Atacama Cosmology Telescope Publishes Final Major Data Release
Over 17 years since it captured its first measurements of the universe’s earliest light, the Atacama Cosmology Telescope (ACT) collaboration has published the project’s final major data release. The latest data provide an even clearer view of what the universe was like 13 billion years ago, the universe’s composition, and the accuracy of the standard model of cosmology used to describe the universe’s structure and evolution.
The ACT researchers will present their new findings and data at a conference held by the American Physical Society on March 19 in Anaheim, California.
“It is great to see ACT retiring with this display of results,” says Erminia Calabrese, a professor of astrophysics at the University of Cardiff and a lead author on one of the new papers related to the data release. “The circle continues to close around our standard model of cosmology,” she says, with the latest results strongly backing the standard model and ruling out several proposed alternatives.
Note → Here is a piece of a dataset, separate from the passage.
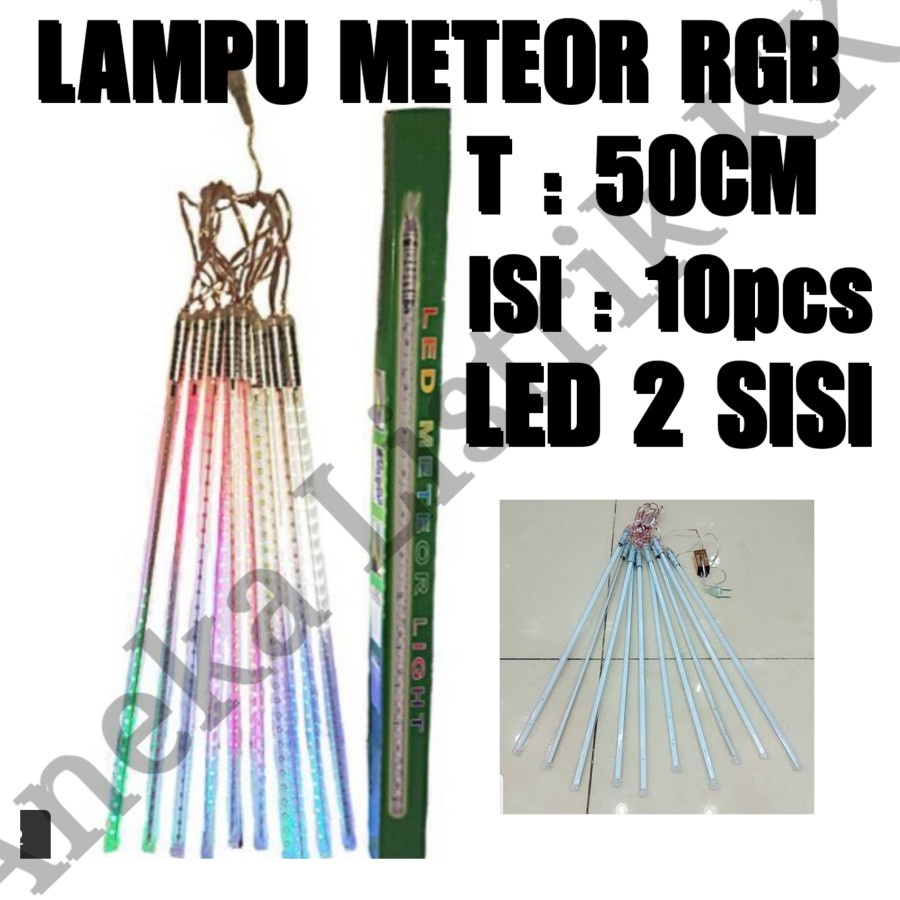 Jual LAMPU METEOR LED 10PCS | Shopee Indonesia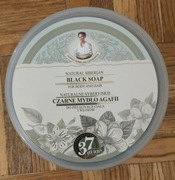 Czarne mydło Agafii do ciała i włosów naturalne syberyjskie nowe 500 ml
“Our standard model of cosmology has just undergone its most stringent set of tests. The results are in, and it looks very healthy,” says ACT collaboration member David Spergel, president of the Simons Foundation and previously ACT’s analysis lead. “We have tested it for new physics in many different ways and don’t see evidence for any novelties.”
From a site high in the Chilean Andes, ACT measured light from when the universe was 380,000 years old. This light is known as the cosmic microwave background (CMB). If the cosmos was now middle-aged, ACT’s images of the CMB would be the equivalent of hours-old baby pictures.
In the light, “we are seeing the first steps towards making the earliest stars and galaxies,” says Suzanne Staggs, director of ACT and the Henry deWolf Smyth Professor of Physics at Princeton University. “And we’re not just seeing light and dark, we’re seeing the polarization of light in high resolution.” That polarization provides crucial information about what happened during the universe’s first moments and how the cosmos has evolved since.
The new pictures of the CMB offer higher resolution than those made more than a decade ago by the Planck space-based telescope. “ACT measures the intensity and polarization of the light at five times the resolution of Planck and with around three times the sensitivity,” says Sigurd Naess, a researcher at the University of Oslo and lead author of the new papers related to the project. That detail enabled scientists to learn more about the cosmos, such as providing more precise measurements of the universe’s age.
The ACT collaboration’s dedication to open science has been an inspiration to the field, says ACT scientist Simone Aiola, a researcher at the Flatiron Institute’s Center for Computational Astrophysics in New York City. “ACT is one of the few ground-based experiments that has really committed to releasing as much of its data as it could.”
With the ACT project winding down, the scientific community is now excitedly looking to the Simons Observatory, which sits on the same site in Chile where ACT was based. Last year, the Simons Observatory began collecting some of the most precise measurements ever made of the CMB. With that level of precision, scientists hope to learn more about the universe and its history, such as what happened in the minuscule fraction of a second that followed the Big Bang.
“ACT demonstrated that you can do cosmology from Chile with high-resolution telescopes that capture really big patches of the sky,” Aiola says. “ACT was incredibly successful, and the Simons Observatory will do that even better.”
With ACT now winding down, the project’s researchers reflect on the unprecedented view of the universe their work has provided freely and openly to the scientific community. “We can see right back through cosmic history,” says Jo Dunkley, the Joseph Henry Professor of Physics and Astrophysical Sciences at Princeton University and the ACT analysis leader. “From our own Milky Way, out past distant galaxies hosting vast black holes and huge galaxy clusters, all the way to that time of infancy.”